This week’s edition covers stories
from June 8th to June 14th, 2023.
Today’s issue is 850 words, a 6.5–minute read.
In today’s edition: Isabella and Helene talk ReVisión at the MIA and the importance of proper cultural representation, and the effects of the Canadian Wildfires.
Buenos días readers,
It’s a smoky hot summer but I’ve been spending my time away by the lake. In these past weeks I’ve experienced sunny days on a Minneapolis beach, a sunset by a Wisconsin farm, a windy thunderstorm in Jeffers, Minnesota, and a foggy view of the Twin Cities – cough, cough. But that’s not all there is to this upcoming week. We have many events that I bet you’d enjoy attending.
This Saturday Summer Cypher is “back on the block”. From 2 P.M. to 10 P.M. enjoy 50 years of Hip Hop celebration by the Northside of the Northrup King Building, with food provided by P.F. Cafe. MPR also put together a list of wondeful Juneteenth events all around Minnesota between Friday 16th and Monday 19th. I’m really looking forward to this year’s Soul Of The Southside at the Hook and Ladder Theater, and Carbon Sound’s 1st Birthday Party. You know we’re all about the local and we want our readers to be in the know.
An exhibit I’ve been dying to see is ReVisión: Art in the Americas at the Minneapolis Institute of Art, in partnership with the Denver Art Museum. From July 1st, 2023 to September 17th 2023, you’ll find “nearly 200 ancient contemporary artworks that establish a visual narrative of the formation and evolution of the Americas”. Descriptions of the artwork will be provided in English and Spanish, so bring friends, family, and yourself to this beautiful representational collection.
It’s time that we start looking at our communities through a myriad of lenses.
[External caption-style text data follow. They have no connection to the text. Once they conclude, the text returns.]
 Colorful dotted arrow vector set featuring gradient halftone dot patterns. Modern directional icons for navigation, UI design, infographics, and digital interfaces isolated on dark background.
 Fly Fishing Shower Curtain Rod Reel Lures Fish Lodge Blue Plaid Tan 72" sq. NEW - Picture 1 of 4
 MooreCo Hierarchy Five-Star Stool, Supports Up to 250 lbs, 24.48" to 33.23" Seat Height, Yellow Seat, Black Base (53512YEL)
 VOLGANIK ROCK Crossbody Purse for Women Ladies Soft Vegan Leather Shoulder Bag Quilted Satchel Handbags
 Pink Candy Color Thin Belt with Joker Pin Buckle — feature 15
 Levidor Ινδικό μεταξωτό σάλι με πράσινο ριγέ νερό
This exhibit is meant to juxtapose ancient and contemporary artworks that can show visitors the deep rooted importance of community and cultural traditions that have undergone exploitation of various forms and shapes.
Here at NewPrensa we’ve talked about the amazing Brazilian Ken and Linda Cutler Chair of the Arts of the Americas and curator of Latin American art at Mia, Valéria Piccoli. The first curator of Latin America Art. In Minnesota. I know some of us are tired of hearing about the “first this” or the “first that”, but comprehending the extensive influence that individuals can bring to spaces that lack the diversity and understanding is pivotal. We’ve also extensively talked about the importance of clear, valid and respectful representation of BIPOC communities in the arts. Earlier this year, Guatemala-Minnesotan artist Zamara Cuyún (“Gringindia“) spoke of female Latinx representation at the LatinActivista ‘23 event.
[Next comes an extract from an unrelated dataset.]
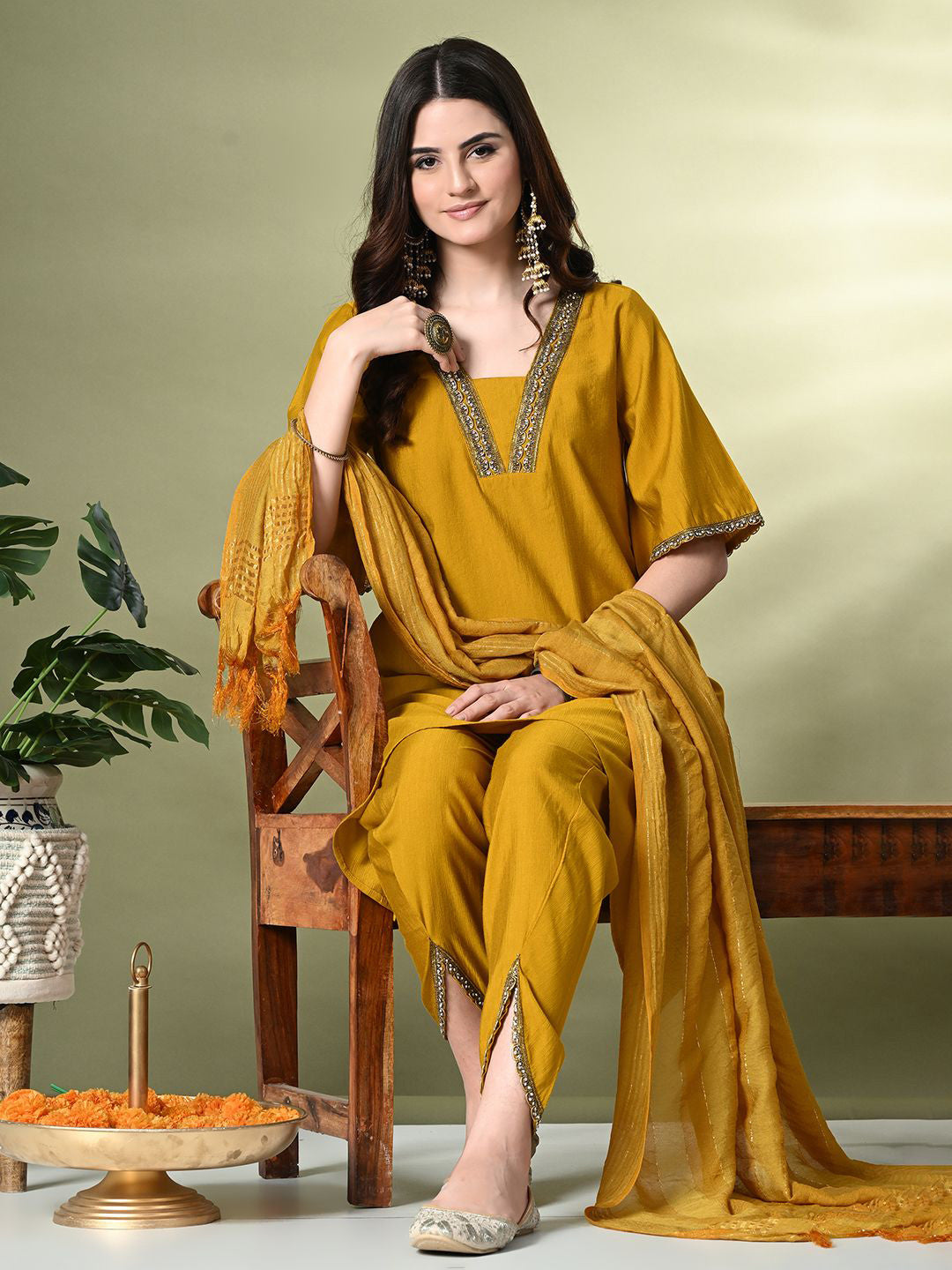 Regular Thread Work Kurta with Dhoti Pants & Dupatta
Oftentimes, different communities have had their bodies and souls warped, whether it be honest historical representations or the deep-rooted, colonialist and racist fantasies that have transformed into a fetish of some sort. I don’t intend to steer onto a tangent. It is essential to comprehend the profundity that artistic cultural representation has when it is uncanny to your own. It also stirs up the idea of a community being culturally barren. Yet, many of us persist and strive for honest, fertile, and magical representations of our truth.
To my fellow Latines, I say Go. Visit the exhibit, share it with your loved ones. Understand the past to imagine the possibilities of the future. Art speaks volumes, and it augments your cultural reality. Invest in Art.
I’ve been watching New York City turn orange over the past week with the rest of the world. Horrifying! The wildfire smoke coming from Canadian fires is super damaging, and last Wednesday was so bad that it now holds the record for the most micro particles (or pollution) in the air since New York started collecting information on air quality back in 1999. The particles that are being monitored by sensors in the city are very small, and they’re dangerous because they can penetrate the lungs and bloodstream. The levels of these particles were nearly 6 times higher than what the EPA says is a safe average level.
Closer to home, the U.S. Forest Service is monitoring a wildfire that’s spreading through the northernmost parts of the Boundary Waters (BWCA), right where the U.S./Canada border lies. It’s around 30 acres big and is affecting the forest between Spice Lake and Ogishkemuncie Lake, which are about 10 miles southwest of the end of the Gunflint Trail. The Forest Service also announced a ban on campfires in the whole BWCA until further notice, something that comes as a result of ongoing dry conditions. As a big fan and nearly annual BWCA visitor, this news is super scary! It’s something that affected visitors to the BWCA last year, with many groups not being able to even make their trips into the wilderness area due to all of the fires. If you’re like me, and love the Boundary Waters, take care when you visit this summer, and treat this beloved area with all of the care it deserves!
That’s all from us this week. Take care, readers! We’ll be back next Thursday.